6. Proliferation of guidance … it’s back to the basics
Organizations have no shortage of guidance available to them from law enforcement and regulatory authorities regarding the ransomware threat and steps to mitigate it. Recent guidance ranges from the UK National Cyber Security Centre (NCSC) guidance on mitigating malware and ransomware attacks to mitigation strategies in ENISA’s 2020 Ransomware Threat Landscape Guide to general guidance. There are growing collaborations between private and public sector actors, such as the joint Ransomware Task Force, composed of tech companies such as Amazon, Cisco, FireEye, Microsoft, and McAfee, and multinational agencies such as Europol, the UK National Crime Agency, and the U.S. Department of Justice, as well as NoMoreRansom.org, a joint effort by the Dutch National Police, Europol, McAfee, and Kaspersky Lab.

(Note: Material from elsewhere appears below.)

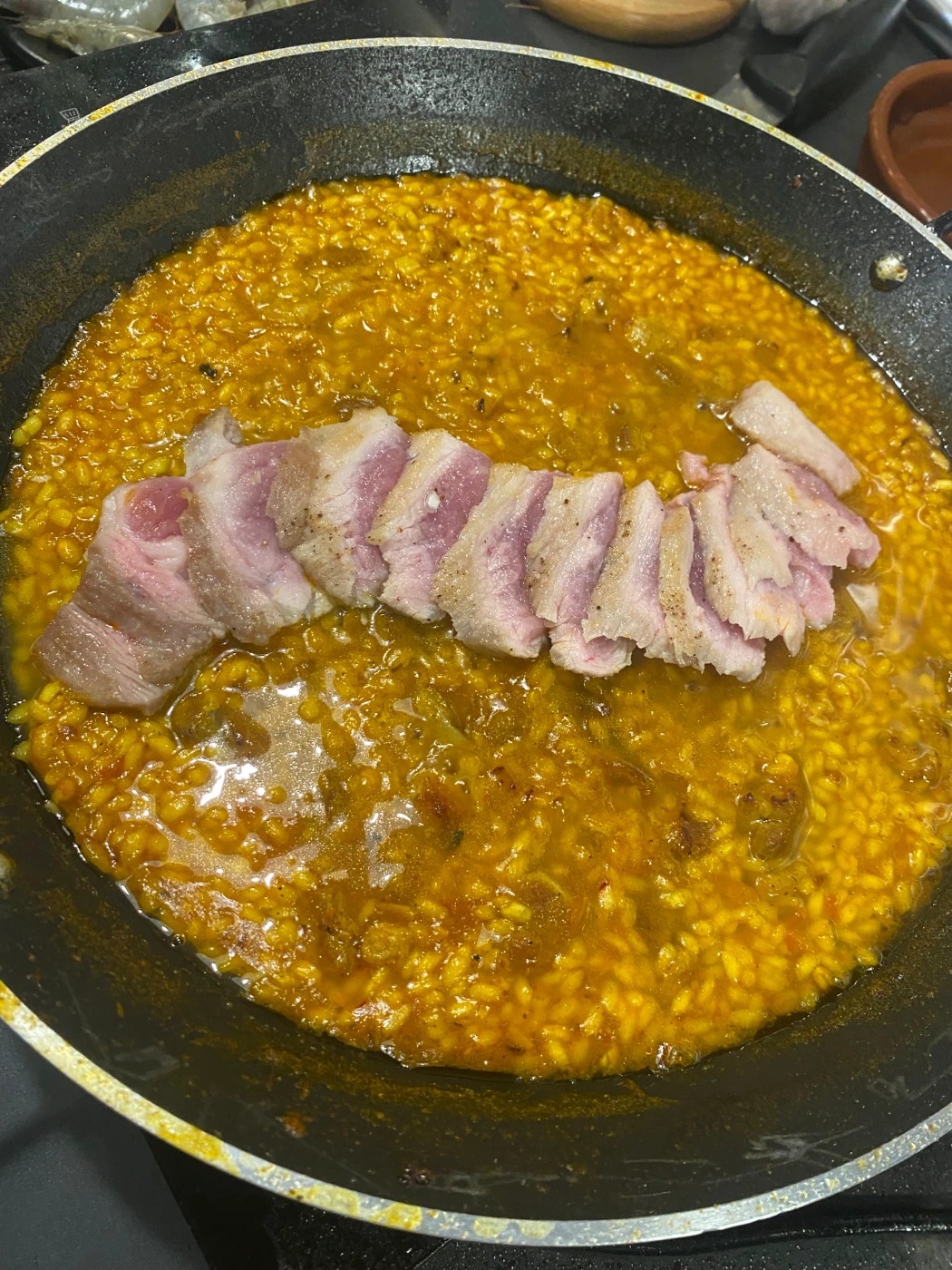 WhatsApp Image 2025-07-09 at 13.18.33.jpeg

A common thread that runs through ransomware guidance—irrespective of an organization’s market sector, size, or nature—is the importance of certain security controls that fall squarely within basic cyber-hygiene and well-established principles of reasonable security.

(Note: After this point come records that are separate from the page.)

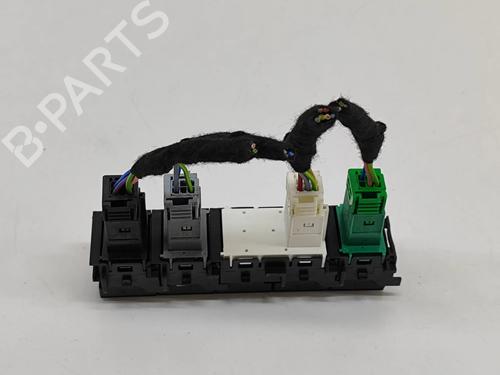 Switch CITROËN C4 III (BA_, BB_, BC_) ë-C4 (BCZKXC, BZCKSC) | BP27783258I30 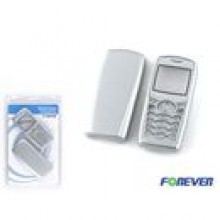 Ob.SAG MY X3-2 srebrna t FOREVER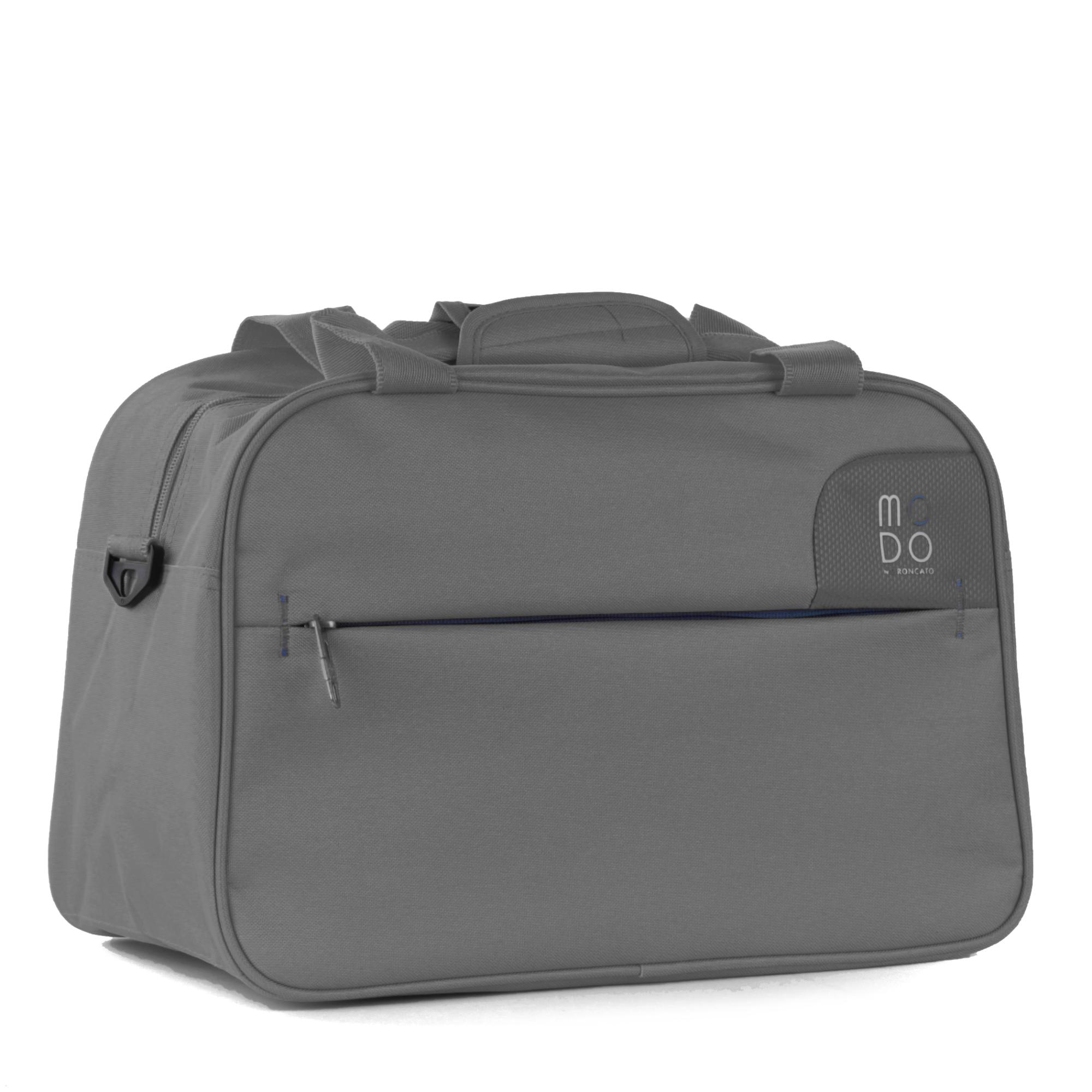 Sac De Voyage  ANTHRACITE Modo by Roncato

Initial guidance on earlier ransomware variants focused on the need for reliable backups; however, the additional threats posed by data leakage, targeted attacks, and increased guidance (and therefore increased expectations for resiliency) have prompted a corresponding focus on basic cybersecurity controls that can be especially helpful in preventing or minimizing the impact of ransomware incidents. Although maintaining proper backups continues to be a core measure to reduce the amount of downtime, additional measures include minimizing the potential success of phishing incidents, which can serve as a gateway incident to more serious ransomware attacks. The implementation of email security measures such as multifactor authentication and increased training, including simulated phishing emails, can ensure users are appropriately aware of the risks. Organizations should consider disabling remote desktop protocol (RDP) access because it permits attacks to circumvent endpoint detection tools and facilitates easier lateral movement within a network. In addition, patching vulnerabilities according to manufacturer’s specifications and applying the latest updates may prevent vulnerability exploitation. Given the trend for zero-day vulnerabilities to be exploited, it may not be sufficient to rely on traditional patch management schedules.

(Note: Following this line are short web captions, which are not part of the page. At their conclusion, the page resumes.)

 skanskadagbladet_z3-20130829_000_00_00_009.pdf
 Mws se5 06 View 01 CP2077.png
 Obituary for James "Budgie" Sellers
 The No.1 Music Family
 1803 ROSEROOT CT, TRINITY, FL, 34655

In conclusion, the evolving threat tactics associated with ransomware attacks continue to pose practical challenges for companies. In situations where either the company’s backup capabilities or ability to pay the ransom to prevent data leakage is suboptimal, ransomware events now easily reach “mega-breach” proportions in terms of their impact to the victim company. This is especially true when a company faces a costly recovery process that can include a ransom demand, technical restoration, a forensic investigation, dark web monitoring, and legal notifications—costs that may or may not be covered by a cyber-insurance policy. And while certain aspects of the ransomware threat landscape are beyond a company’s control—in particular the ransomware variants and threat actor group tactics—factors such as insurance coverage, the sufficiency of existing security controls in light of current threats, sanctions compliance, incident response planning, and information-sharing arrangements can be addressed proactively by a company in the course of its incident response planning and preparation efforts.